Mon passage à l’Ecole de Guerre a renforcé ma conviction qu’en toute chose, il faut rester humble. Là, nous avons visité les bases atomiques, les avions porteurs de bombes atomiques. Nous simulions les plus grandes guerres du monde avec comme protagonistes les puissances du Pacte de Varsovie et celles de l’OTAN. Dans cette ambiance surréaliste, le directeur de cette institution, un Amiral, nous a donné quelques conseils. «Travaillez très sérieusement, nous a-t-il dit, vous êtes préparés à faire la guerre. Mais je vous prie d’être attentif à ce que je vais vous dire. Ne vous prenez jamais au sérieux !».

Je pense que dans mon comportement de tous les jours, je suis un faux naïf.

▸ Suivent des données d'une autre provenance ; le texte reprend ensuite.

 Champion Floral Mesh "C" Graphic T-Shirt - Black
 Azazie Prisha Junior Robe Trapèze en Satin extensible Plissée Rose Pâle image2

La considération et le respect que je porte à l’autre sont très souvent mal interprétés ; ils ne sont jamais feints. Quel que soit l’acte posé par l’autre, je m’interdis un certain type de discours à son endroit. En outrepassant cette réserve, moi-même ainsi que ceux qui me connaissent bien ne me reconnaîtront plus.

Quand on a eu le privilège de présider aux destinées d’un pays comme le nôtre, il faut avoir une bonne dose d’humilité et de bon sens. Chaque jour, vous devez dire que vous n’êtes pas forcément le meilleur qui serait arrivé aux affaires par voie de concours académique. C’est la voie du destin, certes, mais vous restez quand même un homme avec ses qualités et ses défauts.

 

Est-ce là l’explication de votre grande capacité d’écoute ?

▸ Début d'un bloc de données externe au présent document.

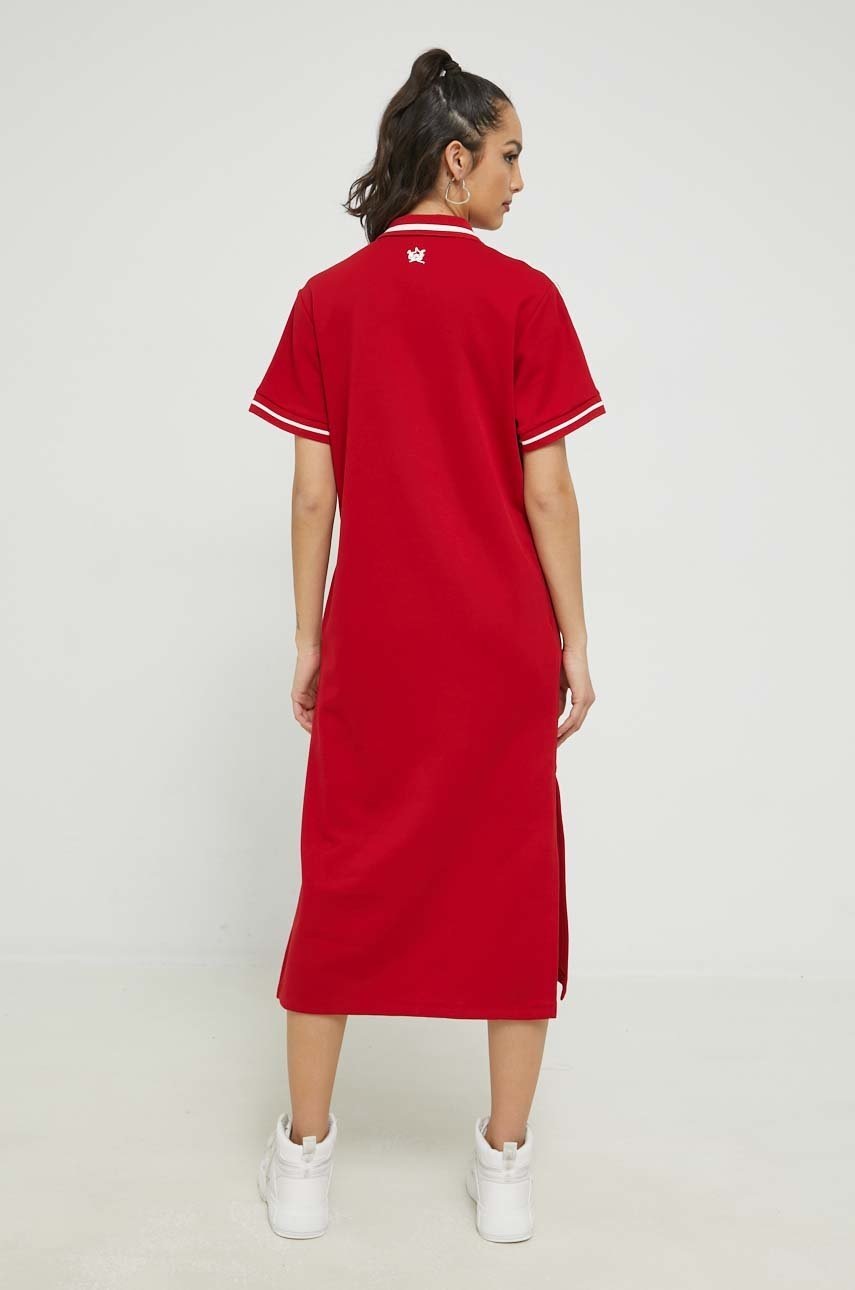 

Платье adidas Originals X Thebe Magugu цвет красный midi прямое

C’est curieux, tout le monde dit que j’écoute beaucoup. Honnêtement, moi je crois plutôt que je parle beaucoup. Je ne sais pas trop à quoi cette impression tient. Mais au-delà, il faut dire que, un jour, un pays et un homme se sont rencontrés.

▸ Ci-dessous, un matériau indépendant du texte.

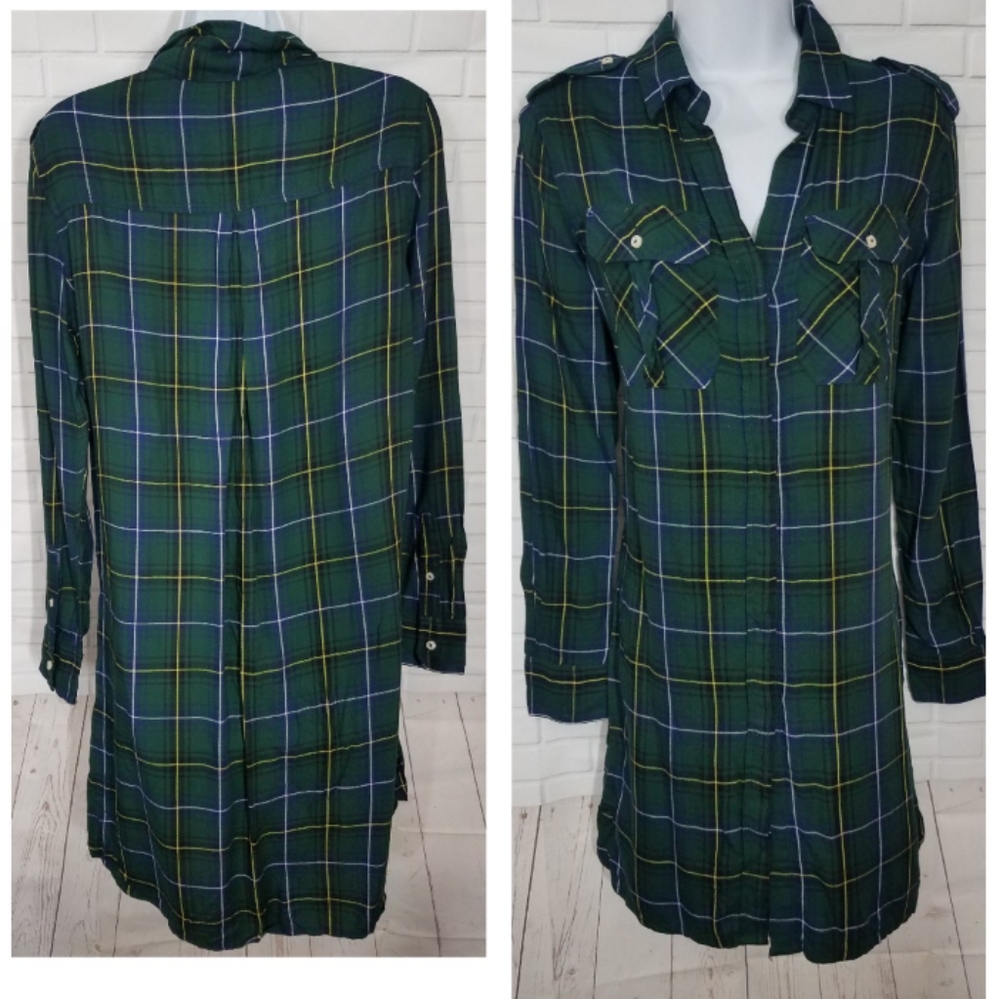 Jachs Girlfriend Plaid Green Shirt Dress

En 2002, je me présente aux élections en me disant que je pourrai apporter une petite pierre à l’édification de notre pays. Je suis élu.

Je m’entoure d’une équipe avec pour mot d’ordre de réaliser ce pour quoi nous sommes là. Au bout de cinq ans, on a relevé le défi. Je me dis encore que nous pouvons faire plus car les conditions ne sont pas plus défavorables qu’en 2002. Il y a des choses à finir. Je me suis à nouveau présenté devant les électeurs qui m’ont renouvelé leur confiance.

Etre Chef d’Etat une fois et Président de la République deux fois, ce n’est pas donné à tout le monde. Lorsqu’on vous témoigne tant de confiance, il faut savoir être modeste et laisser l’humilité vous habiter. Car sur les dix millions de maliens, au moins un million pourrait prétendre à votre place. Si c’est vous qui êtes choisi, il faut rendre grâce à Dieu.

C’est pour cela que je me dis : « au fond, je resterai toujours redevable au Mali et aux Maliens. Et même le moment de la retraite venu, dans ma chaise longue, je me demanderais encore comment je vais pouvoir payer toute la dette morale que je dois à ce pays ». Aux enfants et aux femmes de ce pays, je resterai éternellement redevable.

 

Monsieur le Président, en bon fils de Mopti, il paraît que vous aimez la sauce au poisson séché, le fameux « Tièkouroulé ». Pouvez-vous nous parler de vos préférences culinaires ?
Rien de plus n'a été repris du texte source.